Abstract

Signature is used to legally approve an agreement, treaty, and state administrative activities. Identification of the signature is required to ensure ownership of a signature and to prevent things like forgery from happening to the owner of the signature. In this study, data signatures were obtained from 25 people over the age of 50. The signers provided 20 signatures and were free to choose the stationery used to write the signature on white paper. The total data obtained in this study was 500 signature data. The obtained signature was scanned to create a signature image, which was then pre-processed to prepare it for feature extraction, which can characterize the signature images. The HOG method was used to extract features, resulting in a dataset with 4,536 feature vectors for each signature image. To identify the signature image, the classification methods SVM, Decision Tree, Nave Bayes, and K-NN were compared.

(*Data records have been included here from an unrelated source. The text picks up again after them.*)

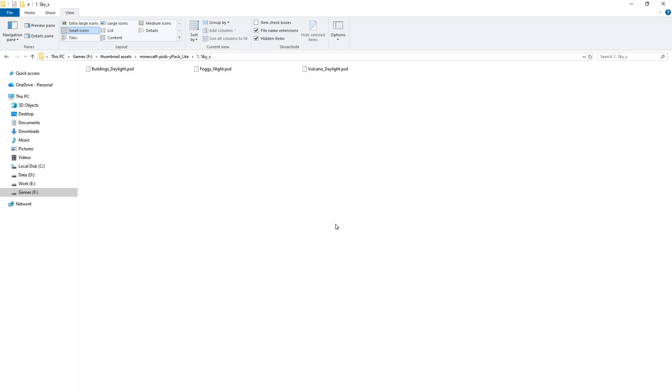After that, open the folder that contains PSD files. Make sure 'Always show icons, never thumbnails' is unchecked in File Explorer's folder options.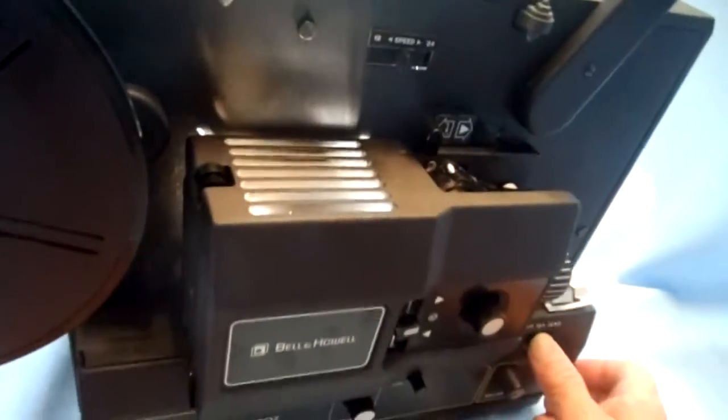Now the lamp seems to work fine. I don't know how old the lamp is, but it seems to work.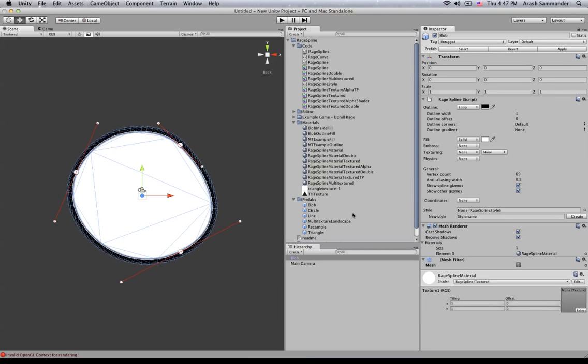So the typical workflow is that you create a material, you select the shader, and you choose the texture to display along with it.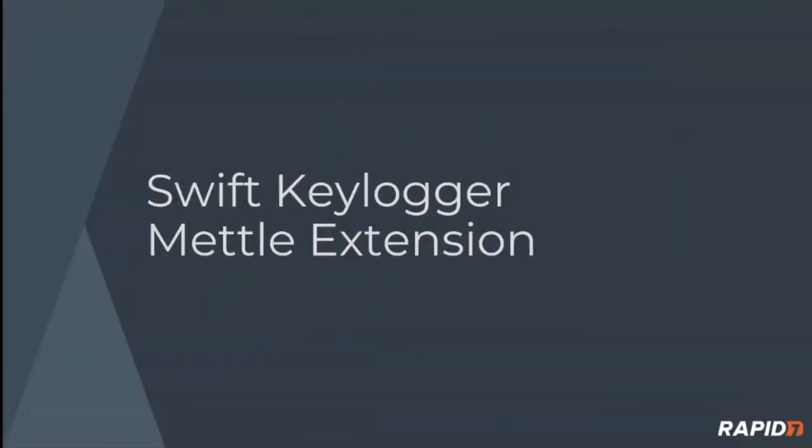Hey everybody, this is Pierce from the Metasploit development team at Rapid7. Today I'm going to talk about and demonstrate our new Swift Keylogger Mettle extension for our POSIX Meterpreter Mettle.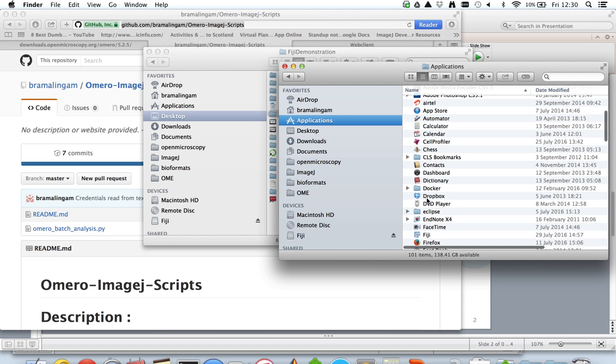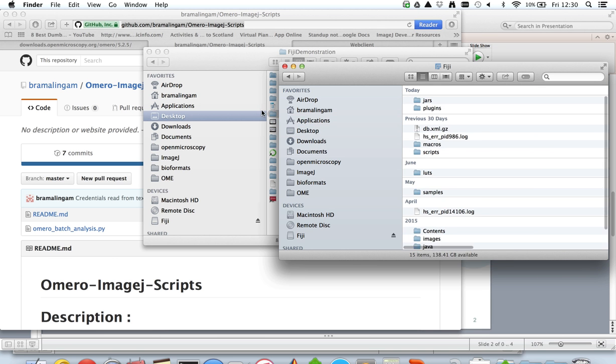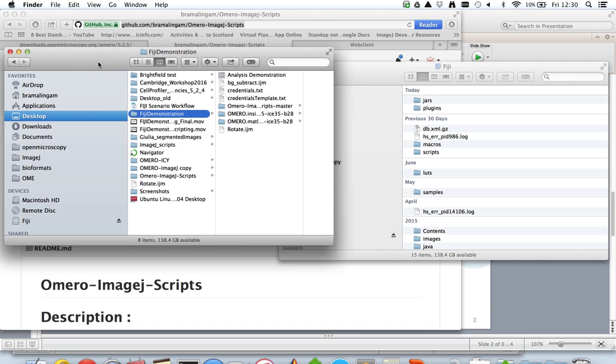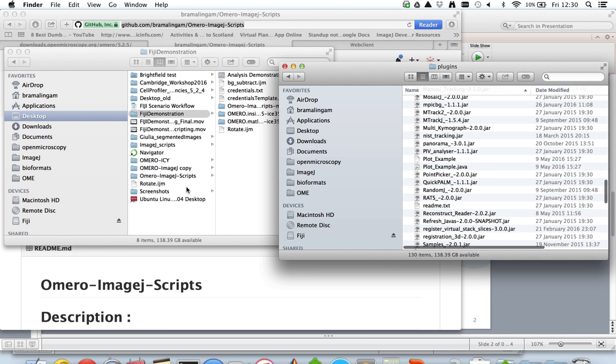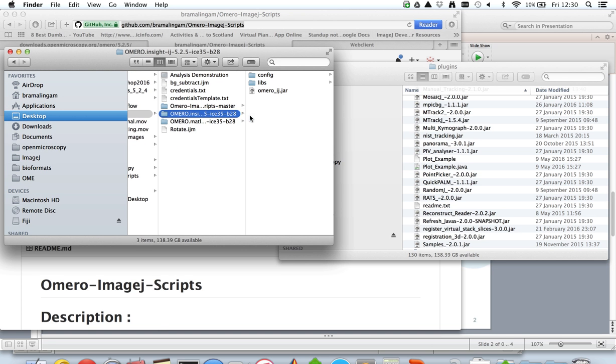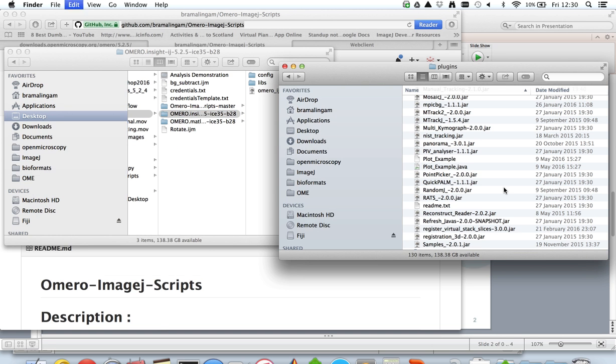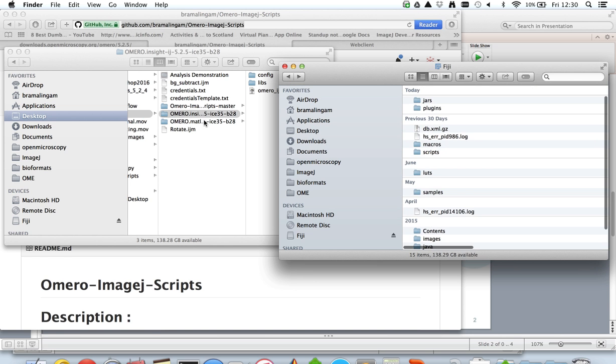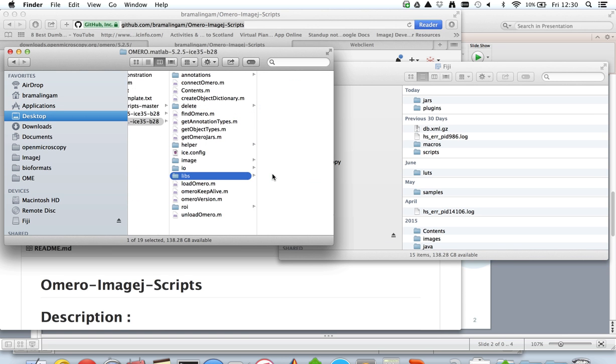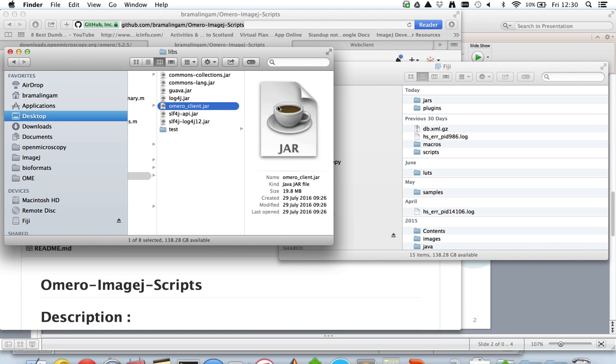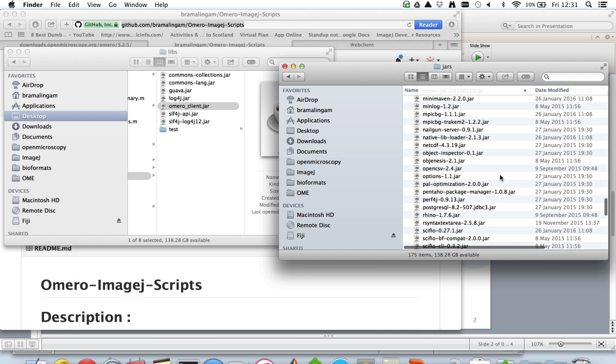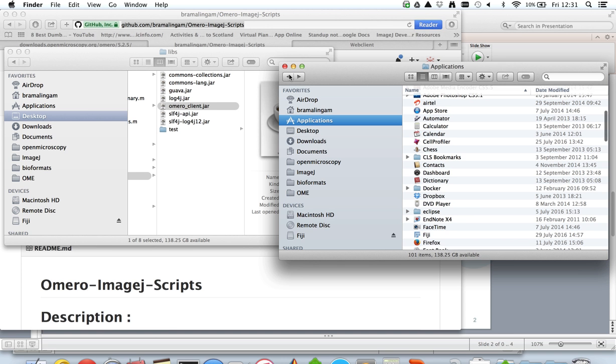Applications, Fiji, show package contents. Now the first part is the installation of the OMERO client.jar under Fiji jars folder. That completes the setup process because Bio-Formats is pre-installed in Fiji.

SVM achieved the highest accuracy, which is 100%. When K=5, the K-NN method achieved a fairly good accuracy of 97.3%. Meanwhile, Naive Bayes and Decision Tree achieved accuracy significantly lower than K-NN (61%). Because the HOG method produced a large feature vector for each signature, it is recommended that important features that represent signatures be optimized or extracted to produce smaller features to speed up computation without sacrificing accuracy, and that the HOG method be compared to other extraction feature methods to obtain a better model in future research.